IdModel loop graph fix #5426

jjsjann123 · 2025-10-23T18:34:13Z

The issue is root cause from having un-connected IDs in allocation domain, triggering loop promotion assert on ID not covered by loop domain. However, since loop domain should only check coverage on logical sizes, we shouldn't included allocation domain in loop graph in the first place.

Changes in this PR:

exclude IDs only on path to allocation domain from LOOP and IEL graphs.

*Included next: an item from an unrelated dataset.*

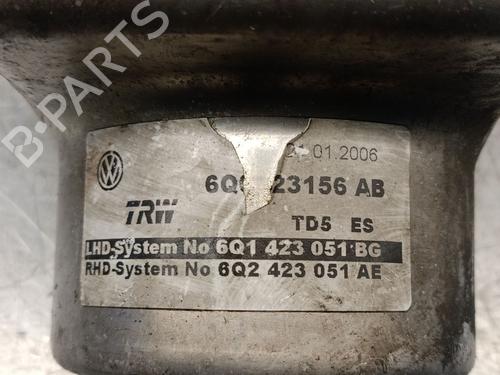 Styring servopumpe SEAT IBIZA III (6L1) 1.4 TDI | BP30561261M99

This is done by modifying TensorDomain::allIds method to exclude allocation domain from the pairwise path traversal.
minor changes to add inline support for layout op.

jjsjann123 · 2025-10-23T18:34:43Z

!test

github-actions · 2025-10-23T18:35:58Z

Description

Exclude allocation domain IDs in loop graph construction
Enhance intersection graph with permissive mapping support
Add test for loop promotion issue in inference
Improve ID discovery for tensor domains

Changes walkthrough 📝

Relevant files

Bug fix

id_model.cpp `Add ID filtering excluding allocation domains and enhance graph` `initialization` csrc/id_model/id_model.cpp Added `discoverIdsExceptAllocation` to traverse tensor domains excluding allocation paths Introduced `findAllIdsExceptAllocation` to collect non-allocation IDs from TensorView Implemented `initializeIdGraphExcludeAllocation` for building loop graphs without allocation domain IDs Modified `buildIntersection` to support permissive mapping and allocation domain exclusion Updated `buildStatefulInliningInfo` to use non-allocation IDs for producer/consumer mapping	+130/-9

Enhancement

loop_promotion.cpp `Use permissive intersection with allocation domain exclusion in loop` `promotion` csrc/id_model/loop_promotion.cpp Updated `buildIntersection` call to use permissive mapping and exclude allocation domains Modified terminal ID detection to check LOOP graph group membership before comparison	+13/-2
id_model.h `Update IdModel interface for allocation-excluded graph initialization` csrc/id_model/id_model.h Declared `initializeIdGraphExcludeAllocation` method for loop graph initialization Extended `buildIntersection` with parameters for permissive mapping and allocation domain exclusion	+9/-1
logical_domain_map.h `Support PreprocessGroupedMatmulInputSf in logical domain mapping` csrc/logical_domain_map.h Added `handle(PreprocessGroupedMatmulInputSf*)` override to support new op in logical domain mapping	+4/-0

Tests

test_layout_op.cpp `Add test for loop promotion in inference scenario` tests/cpp/test_layout_op.cpp Added `InferenceBenchmarkLoopPromotionIssue` test to validate loop promotion behavior Created fusion with grouped matmul preprocessing and block scaling factors Verified output correctness using `validateGroupedLayout`	+65/-1

PR Reviewer Guide 🔍

Here are some key observations to aid the review process:

🧪 PR contains tests

⚡ Recommended focus areas for review

Possible Issue

The function discoverIdsExceptAllocation collects IDs from multiple domains but may not correctly handle the shortest path logic when building out2in via getExprsBetween, as it accumulates all inputs and outputs from the path expressions without ensuring directional consistency or avoiding redundant or invalid mappings.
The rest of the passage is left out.